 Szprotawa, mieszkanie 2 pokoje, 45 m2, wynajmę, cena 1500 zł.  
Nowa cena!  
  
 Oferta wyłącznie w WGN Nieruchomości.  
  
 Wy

+++

TASK TO CARRY OUT:
Output the entire listing exactly as written.

RESPONSE AREA:
 Szprotawa, mieszkanie 2 pokoje, 45 m2, wynajmę, cena 1500 zł.  
Nowa cena!  
  
 Oferta wyłącznie w WGN Nieruchomości.  
  
 Wy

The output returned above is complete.